Le ministre-président flamand, le nationaliste Geert Bourgeois, a reconnu dimanche qu'il n'existait pas de majorité en Flandre en faveur de l'indépendance de cette région et a une nouvelle fois plaidé pour l'instauration du "confédéralisme" en Belgique, en se réjouissant du changement de majorité intervenu cet été en Wallonie. "Il n'y pas de majorité en Flandre pour l'indépendance, on va pour le confédéralisme parce que l'on veut des leviers aussi pour le marché du travail, la fiscalité, ...", a-t-il affirmé lors de l'émission "C'est pas tous les jours dimanche" de la chaîne de télévision RTL-TVi dont il était l'invité.

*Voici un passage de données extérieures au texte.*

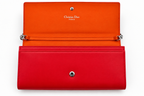 Vintage Christian Dior Red Leather Wallet and Chain Shoulder Bag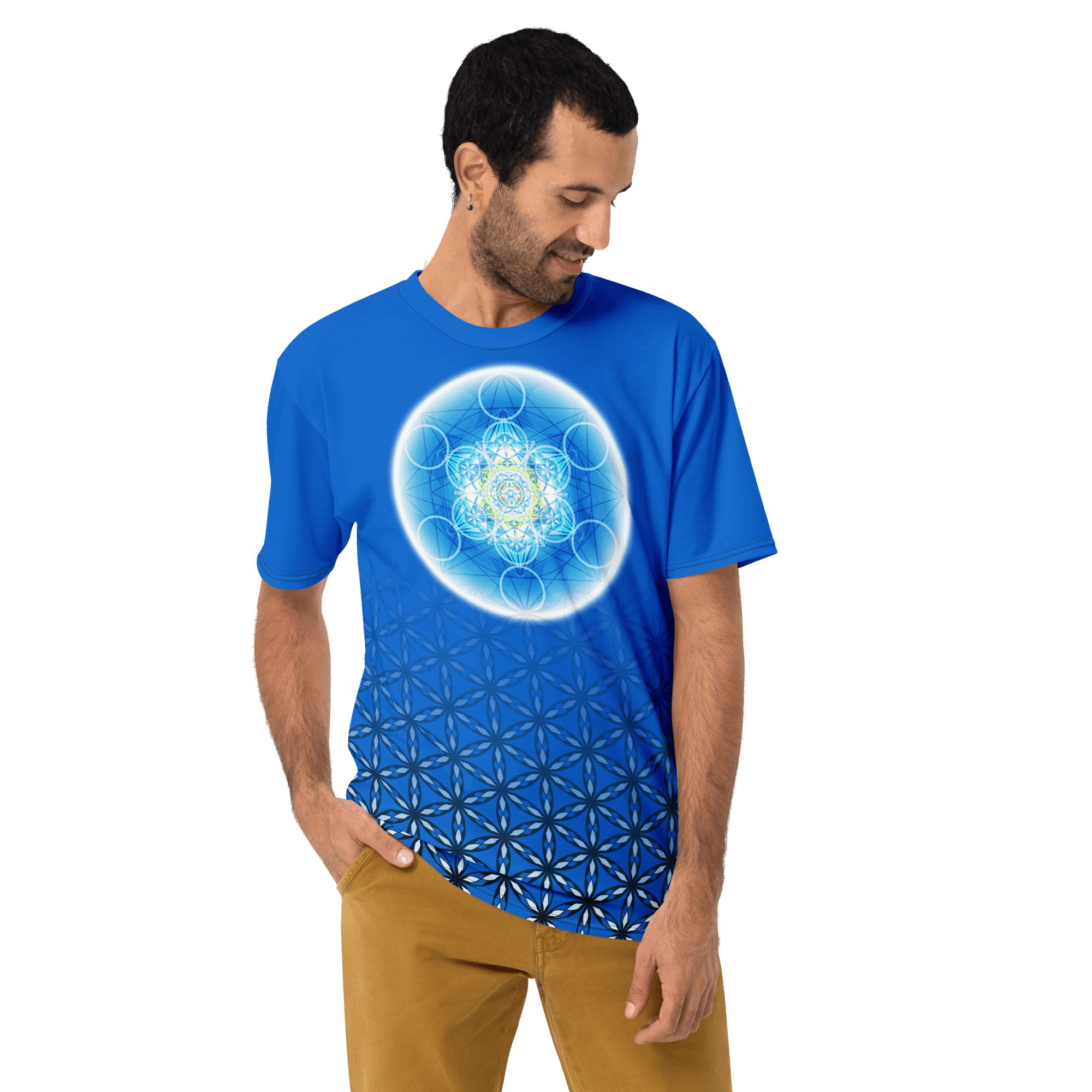 Sacred Nest men’s t-shirt — interlaced geometric linework (front); Sacred Nest tee — centered nest pattern, lifestyle view.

"Le confédéralisme, c'est travailler ensemble sur les domaines dans lesquels on veut travailler ensemble", a expliqué M. Bourgeois (N-VA), qui était notamment interrogé sur la situation en Catalogne, une riche région espagnole en conflit pour son indépendance avec le gouvernement central de Madrid.

Il a souligné que le programme de la N-NA était de "faire ensemble" des politiques en matière d'affaires étrangères et de défense. "On est ensemble à Bruxelles, on a une capitale en commun, l'indépendance n'est plus l'indépendance du 19ème siècle", a-t-il affirmé, sans indiquer clairement si son parti plaiderait en faveur d'une septième réforme de l'Etat après les élections législatives de 2019.

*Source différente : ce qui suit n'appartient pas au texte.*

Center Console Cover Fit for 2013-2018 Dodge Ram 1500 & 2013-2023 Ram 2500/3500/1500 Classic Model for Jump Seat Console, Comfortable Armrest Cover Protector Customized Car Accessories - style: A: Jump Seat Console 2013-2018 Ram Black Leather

M. Bourgeois s'est par ailleurs félicité du changement de majorité intervenu en juillet en Wallonie, avec le rejet du PS dans l'opposition et l'arrivée au pouvoir du MR à Namur.

"Je suis content qu'il y ait maintenant en Wallonie - mais pas en Communauté française - une majorité de centre-droit. Pour moi, c'est beaucoup mieux pour la Wallonie, pour changer les choses" en matière de chômage, d'emploi, de prospérité, a-t-il dit.

Le ministre-président flamand a toutefois dit craindre l'arrivée d'une "majorité tout à fait à gauche" (alliant, par exemple le PS et le PTB, en hausse dans les sondages). "Il y aura des problèmes. Si on doit avoir un gouvernement fédéral avec une majorité de centre droit, comme en Flandre, et une majorité de centre-gauche, mais très gauche en Wallonie, c'est impossible" de gérer le pays, a-t-il fait valoir.